America’s failing policy in Afghanistan took another blow Sunday, when the Wikileaks Internet project dumped 91,000 classified U.S. military and diplomatic documents on The New York Times, the Guardian of London, England, and the German weekly Der Spiegel.
The documents cover the last six years of the conflict.
On Monday, Wikileaks founder Julian Assange said even more documents will be forthcoming. The documents allegedly were provided to Wikileaks by PFC Bradley Manning, a U.S. Army intelligence analyst, who was arrested in May and charged with transferring the data. He is being held at a military jail in Kuwait and faces 52 years in prison.

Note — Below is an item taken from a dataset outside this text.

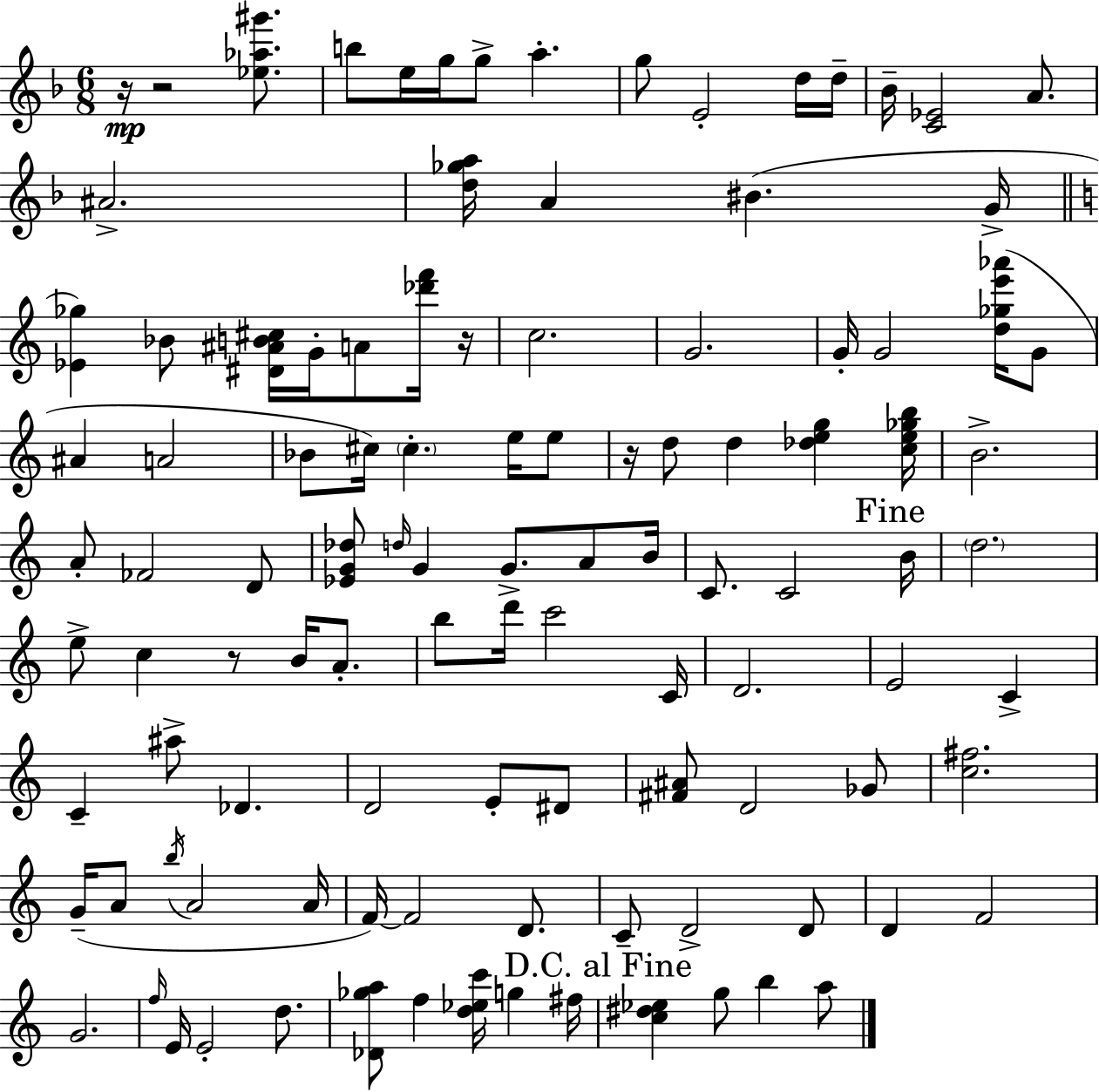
R/s R/h [Eb5,Ab5,G#6]/e. B5/e E5/s G5/s G5/e A5/q. G5/e E4/h D5/s D5/s Bb4/s [C4,Eb4]/h A4/e. A#4/h. [D5,Gb5,A5]/s A4/q BIS4/q. G4/s [Eb4,Gb5]/q Bb4/e [D#4,A#4,B4,C#5]/s G4/s A4/e [Db6,F6]/s R/s C5/h. G4/h. G4/s G4/h [D5,Gb5,E6,Ab6]/s G4/e A#4/q A4/h Bb4/e C#5/s C#5/q. E5/s E5/e R/s D5/e D5/q [Db5,E5,G5]/q [C5,E5,Gb5,B5]/s B4/h. A4/e FES4/h D4/e [Eb4,G4,Db5]/e D5/s G4/q G4/e. A4/e B4/s C4/e. C4/h B4/s D5/h. E5/e C5/q R/e B4/s A4/e. B5/e D6/s C6/h C4/s D4/h. E4/h C4/q C4/q A#5/e Db4/q. D4/h E4/e D#4/e [F#4,A#4]/e D4/h Gb4/e [C5,F#5]/h. G4/s A4/e B5/s A4/h A4/s F4/s F4/h D4/e. C4/e D4/h D4/e D4/q F4/h G4/h. F5/s E4/s E4/h D5/e. [Db4,Gb5,A5]/e F5/q [D5,Eb5,C6]/s G5/q F#5/s [C5,D#5,Eb5]/q G5/e B5/q A5/e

The material is a collection of raw documents, some of which has been verified by the news organizations. The Guardian concluded that “taken together, the logs provide a revealing and important picture of how the war is being conducted: the continuing escalation of the conflict; the weakness of much coalition intelligence; and the gap between the polished account of the war offered for public consumption and the messy reality experienced by commanders on the ground.”
Among the revelations, as summarized by the Guardian:
n Coalition forces have killed hundreds of civilians.

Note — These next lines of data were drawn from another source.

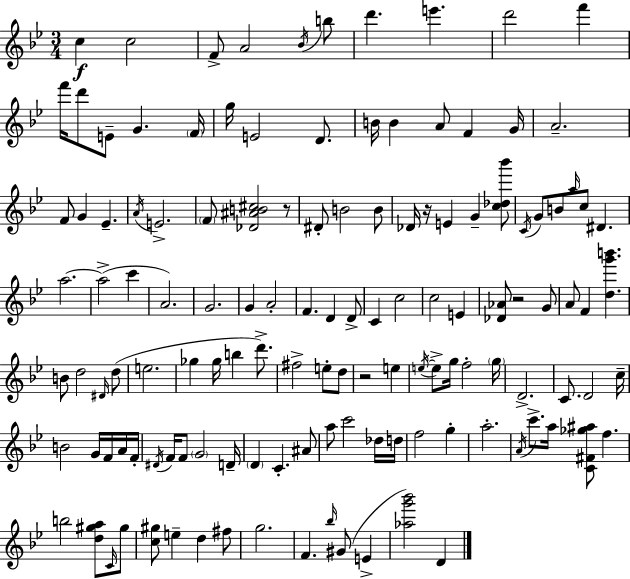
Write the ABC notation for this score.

X:1
T:Untitled
M:3/4
L:1/4
K:Bb
c c2 F/2 A2 _B/4 b/2 d' e' d'2 f' f'/4 d'/2 E/2 G F/4 g/4 E2 D/2 B/4 B A/2 F G/4 A2 F/2 G _E A/4 E2 F/2 [_D^AB^c]2 z/2 ^D/2 B2 B/2 _D/4 z/4 E G [c_d_b']/2 C/4 G/2 B/2 a/4 c/2 ^D a2 a2 c' A2 G2 G A2 F D D/2 C c2 c2 E [_D_A]/2 z2 G/2 A/2 F [dg'b'] B/2 d2 ^D/4 d/2 e2 _g _g/4 b d'/2 ^f2 e/2 d/2 z2 e e/4 e/2 g/4 f2 g/4 D2 C/2 D2 c/4 B2 G/4 F/4 A/4 F/4 ^D/4 F/4 F/2 G2 D/4 D C ^A/2 a/2 c'2 _d/4 d/4 f2 g a2 A/4 c'/2 a/4 [C^F_g^a]/2 f b2 [d^ga]/2 C/4 ^g/2 [c^g]/2 e d ^f/2 g2 F _b/4 ^G/2 E [_ag'_b']2 D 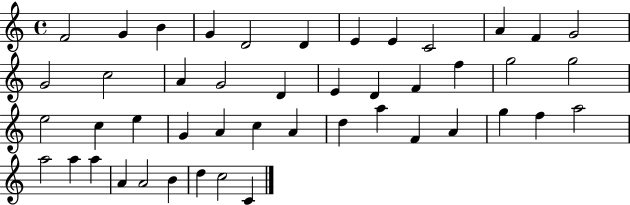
F4/h G4/q B4/q G4/q D4/h D4/q E4/q E4/q C4/h A4/q F4/q G4/h G4/h C5/h A4/q G4/h D4/q E4/q D4/q F4/q F5/q G5/h G5/h E5/h C5/q E5/q G4/q A4/q C5/q A4/q D5/q A5/q F4/q A4/q G5/q F5/q A5/h A5/h A5/q A5/q A4/q A4/h B4/q D5/q C5/h C4/q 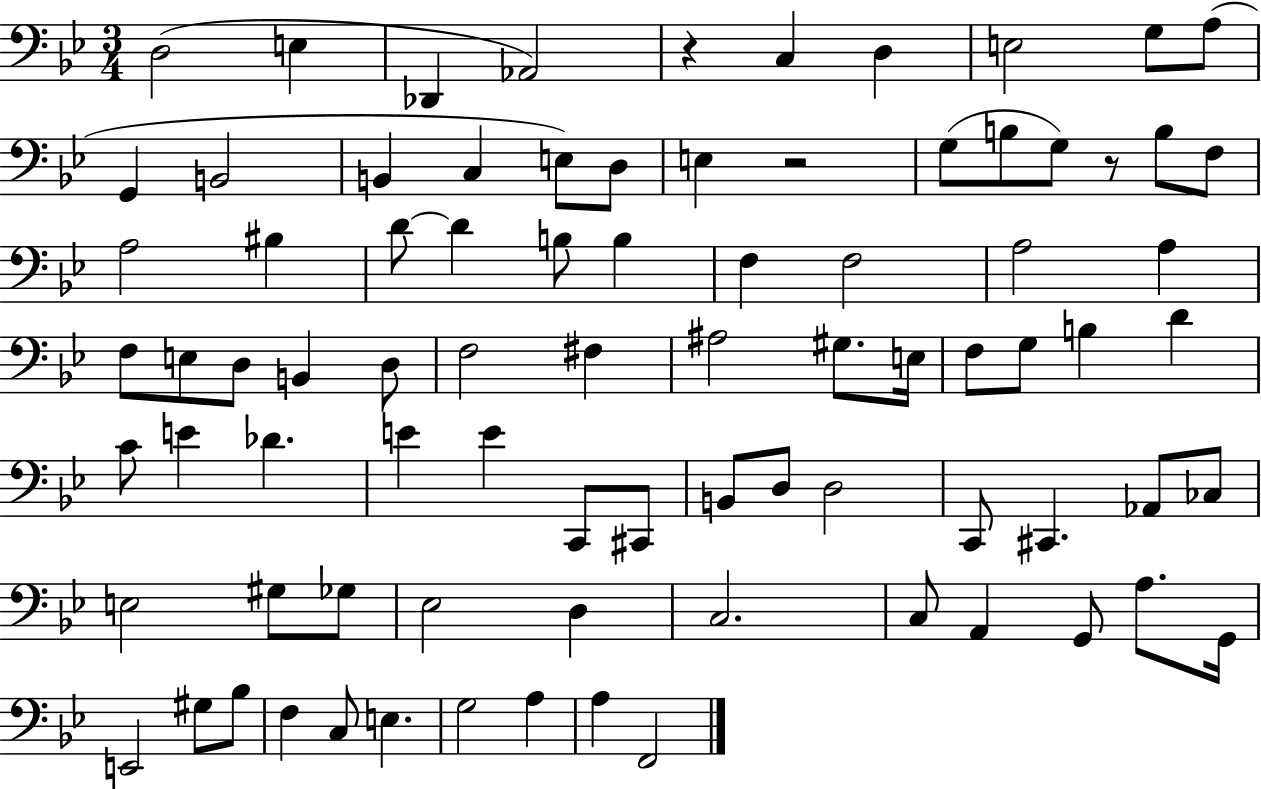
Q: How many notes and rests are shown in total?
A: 83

n Taliban attacks have increased greatly.
n“NATO commanders fear neighboring Pakistan and Iran are fueling the insurgency.”
n Special Forces has a secret unit that hunts down Taliban leaders for “kill or capture.”
In a replay of how the Soviet Army was defeated in Afghanistan more than two decades ago, insurgents have acquired surface-to-air missiles to shoot down American aircraft. The information was covered up by U.S. officials.
The U.S. is depending more on Reaper drones “to hunt and kill Taliban targets by remote control from a base in Nevada.”
The Taliban have massively increased their roadside bombing campaign, “which has killed more than 2,000 civilians to date.”
The leaks are confirming evidence that this is a misguided war. “This is one of the many nails in the coffin” of the support for the effort, said Malou Innocent, who specializes in Middle East security issues. “In recent months, there has been a relentless pummeling of the mission and the campaign.”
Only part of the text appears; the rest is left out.